Quand on évoque la HP-12C, on ne peut s'empêcher de rappeler l'exceptionnelle longévité de cette calculatrice financière sortie en 1981. Elle est en effet toujours diffusée, sans interruption depuis 39 ans au moment où j'écris ces lignes. Seuls quelques détails permettent de distinguer ses différentes évolutions matérielles. La version vendue actuellement est nommée HP-12C Platinum. Sa façade est devenue grise métallisée, et non plus dorée comme les anciennes. Cependant, ses fonctions n'ont presque pas évolué depuis quatre décennies. Par quel miracle cet objet électronique a-t-il survécu si longtemps, bien au delà de la durée initialement estimée par ses concepteurs ? Quelle est donc la vraie raison du succès planétaire de la HP-12C ? Même la durée de vie des trois piles bouton LR44 de la version originale est exceptionnelle : 12 ans ; et même parfois plus ! On sourit en apprenant que les concepteurs HP auraient souhaité doter la machine originale d'un indicateur du niveau des piles. Enfin, la robustesse de cette série HP Voyager est indéniable. Le positionnement du clavier en mode paysage aurait été choisi pour cette raison : pour une protection optimale de l'écran LCD entre les bordures plastique ; si l'on en croit Dennis Harms (le chef de projet de la première HP-12C).

HP-12C de 1982

Je n'ai jamais eu l'occasion d'utiliser intensivement une calculatrice financière, ni dans mon cursus, ni dans ma profession. Pour le moment, cette HP-12C est le seul modèle non scientifique de ma collection. En réalité, pour couper les cheveux en quatre, ma HP-30B était bien une calculette financière au départ. Mais sa modification en WP-34S scientifique est quasi définitive car l'overlay est collé sur les touches. Sinon, si je devais choisir une de mes machines pour effectuer un calcul financier en 2020, peut-être que je prendrais ma volumineuse et récente Casio fx-CP400 ? D'abord parce que la liste des fonctions financières pré-programmées dans cette Casio est plutôt longue. Ensuite, parce que son mode d'emploi est relativement intuitif. On pourrait même affirmer que ses fonctions sont auto-documentées. Mais mon choix serait de toute évidence stupide pour les calculs utilisant des fonctions directement accessibles sur la HP-12C. Je vais prendre un exemple pour illustrer mon propos : si un livre coûte 85 € HT, quel est son prix TTC ? Sur la Casio, comme sur de nombreuses machines modernes, c'est laborieux. Tout d'abord, le démarrage n'est pas instantané comme sur la HP-12C. Ensuite, on doit naviguer dans un cliquodrome, éventuellement aidé du stylet, pour configurer correctement l'affichage :

Appui sur [Settings] (à gauche)
puis [Format de base] 
Format nombre [Fixe 2] et cocher [Calcul décimal] 
[Valid]

Ensuite le calcul proprement dit :

85+(85x5.5%)[EXE]

Le problème sur la Casio, c'est qu'il n'y a pas de touche [%] physique, on doit donc aller la chercher de la façon suivante :

[Keyboard]
[abc]
[Symb.]
[%]

Pour d'autres calculs éventuels à suivre, le clavier virtuel pourra rester affiché ; en occupant la moitié inférieure de l'écran. Nous allons voir que ces petits tracas n'existent pas sur HP-12C. Tout d'abord, le format d'affichage est à deux décimales par défaut après une ré-initialisation complète. Sinon, pour passer au format monétaire, c'est deux touches :

[f] 2

Ensuite, pour effectuer le calcul décrit ci-dessus, c'est 8 touches (moitié moins que sur la Casio) :

85 [ENTER] 5.5 [%] [+]

Le résultat correctement arrondi pour le prix du livre est donc 89,68€ TTC.
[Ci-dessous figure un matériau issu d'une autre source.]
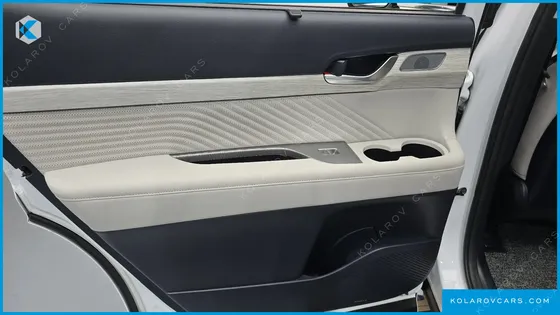 HYUNDAI PALISADE GASOLINE 3.8 2WD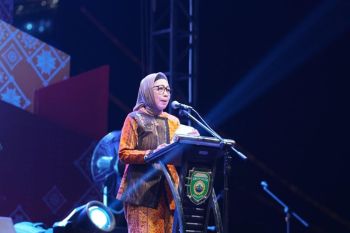 Sriwijaya Expo 2025 bukukan total transaksi Rp2,92 miliar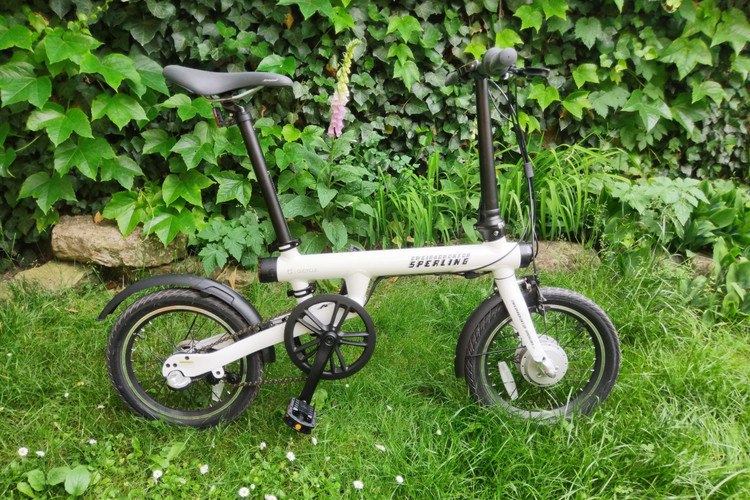 Quicycle Ela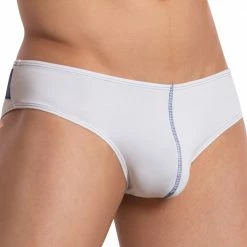Agacio AGJ023 The Line Brief What's New
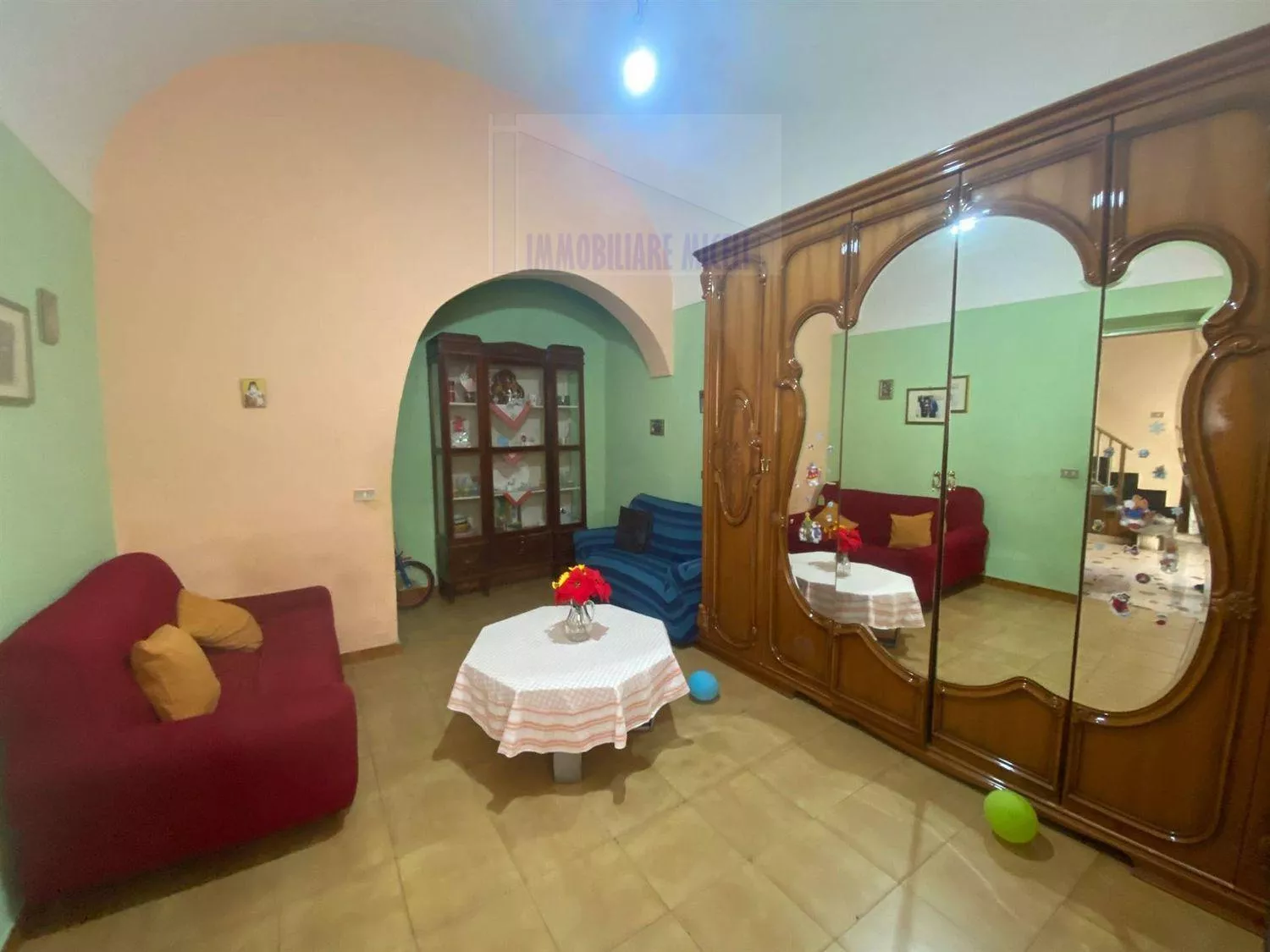Immagine per Casa Indipendente in vendita a Ribera via Santo Bellanca 20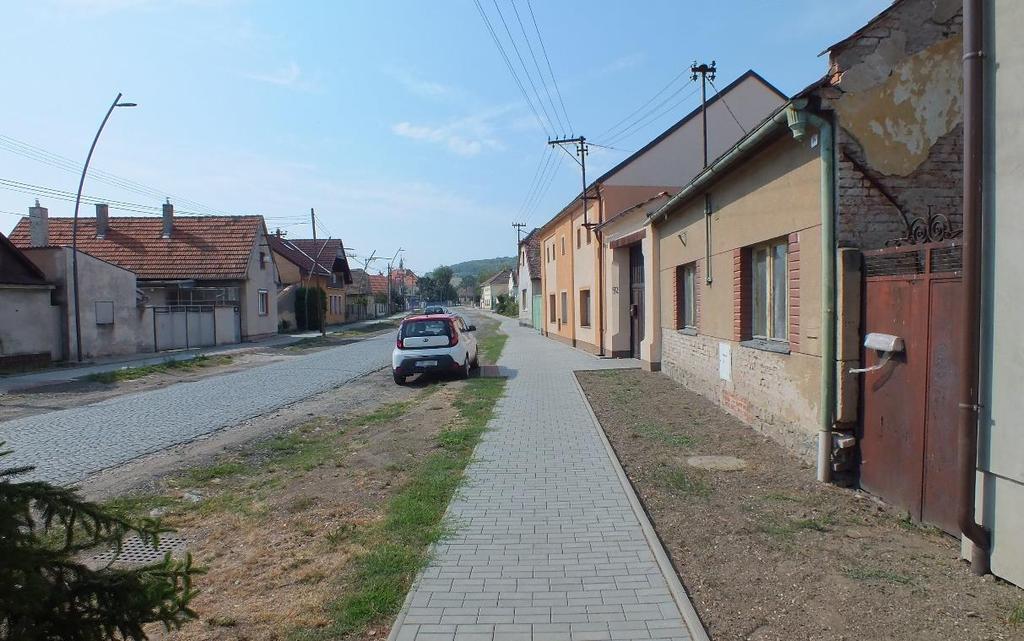 projektu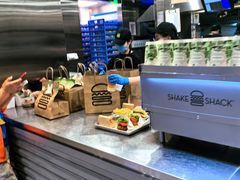 -Shake Shack(西单大悦城店)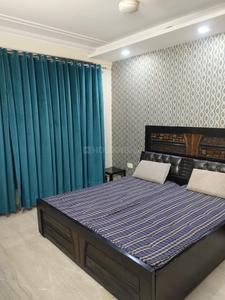 Bedroom Image of 1100 Sq.ft 3 BHK Apartment / Flat for sale in Siddharth Apartment, Paschim Vihar New Delhi for Rs. 13500000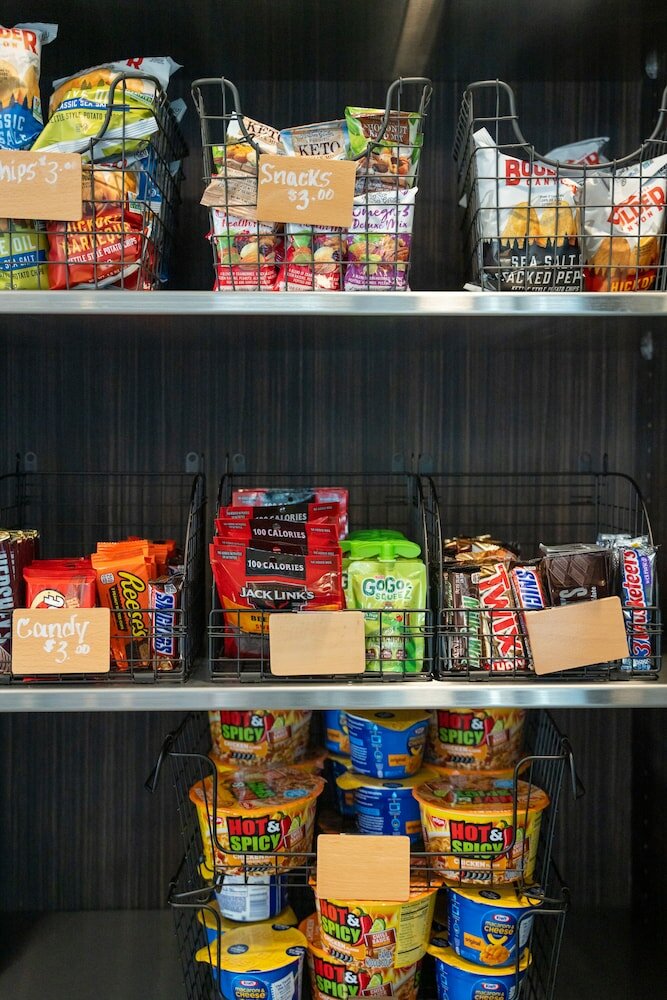 Фото Vīb Hotel by Best Western Denver RiNo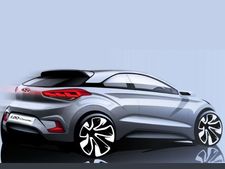 പുതിയ ഐ20ക്ക് 250 കുതിരകളെ പൂട്ടിയ 'എന്‍' പതിപ്പ്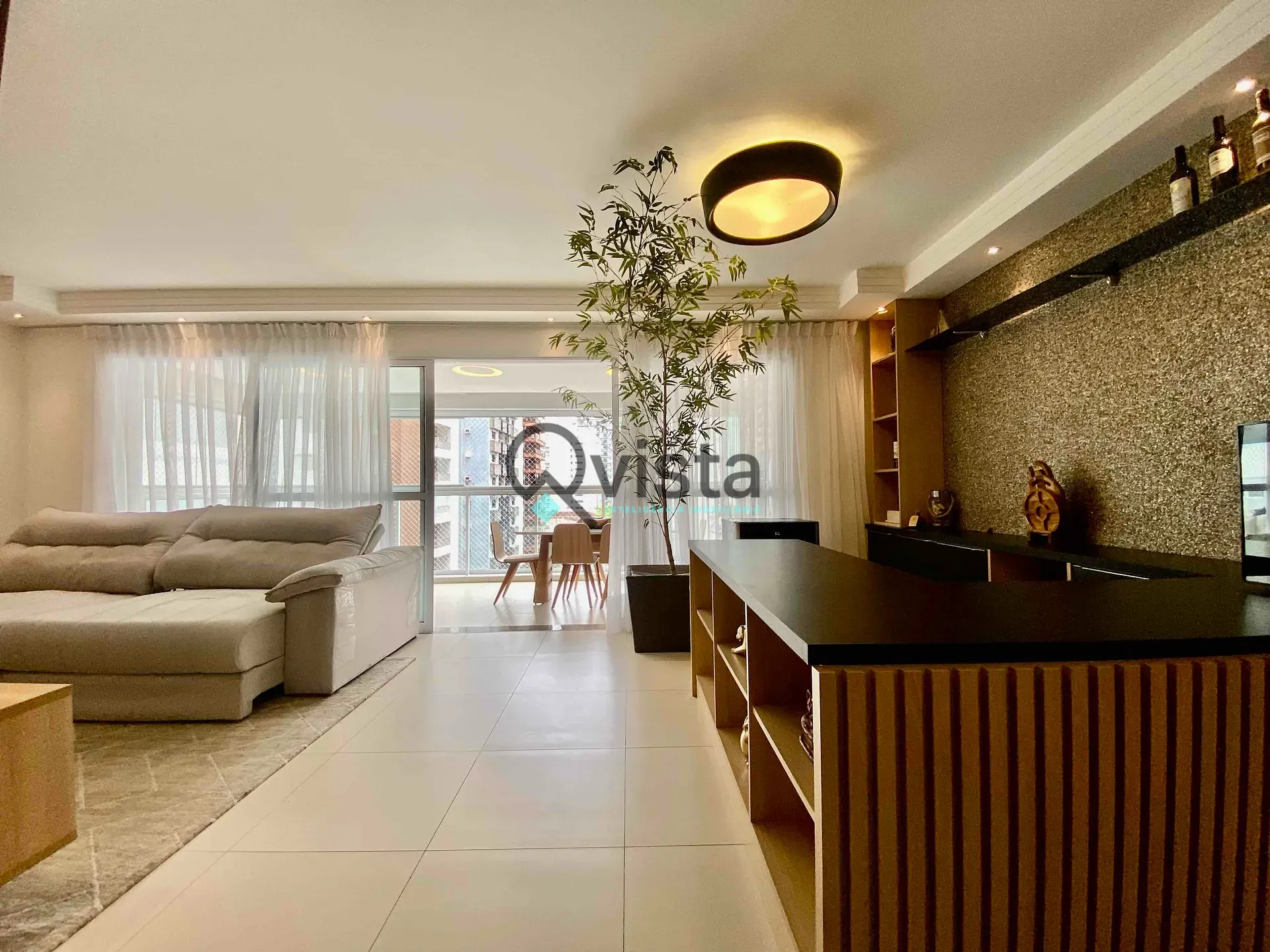 Apartamento, 3 quartos, 120 m² - Foto 2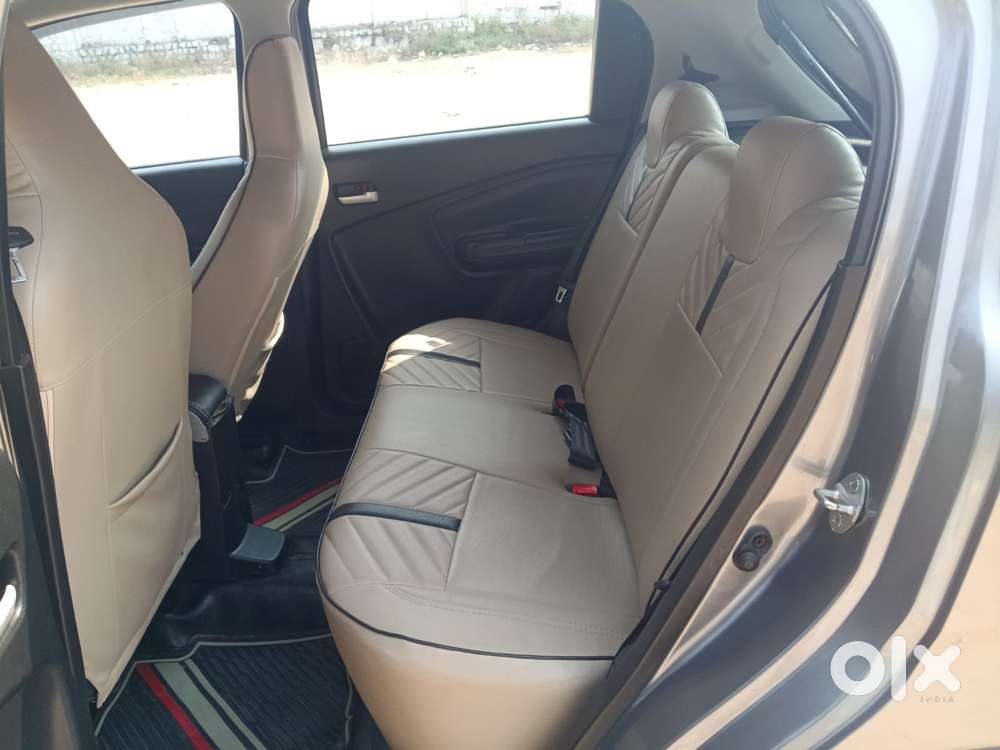 Maruti Suzuki Celerio Zxi, 2023, Petrol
Un dernier petit avantage de la HP, c'est qu'elle a affiché le montant de la TVA en résultat intermédiaire (4,68€). L'affichage explicite de cette valeur nécessiterait de manipuler encore le clavier et l'écran tactile de la fx-CP400... ou bien, de changer de méthode ? L'usage du tableur intégré à la Casio serait sans doute une alternative viable. Mais sans contestation possible, sur cette épreuve, c'est une victoire pour la HP-12C.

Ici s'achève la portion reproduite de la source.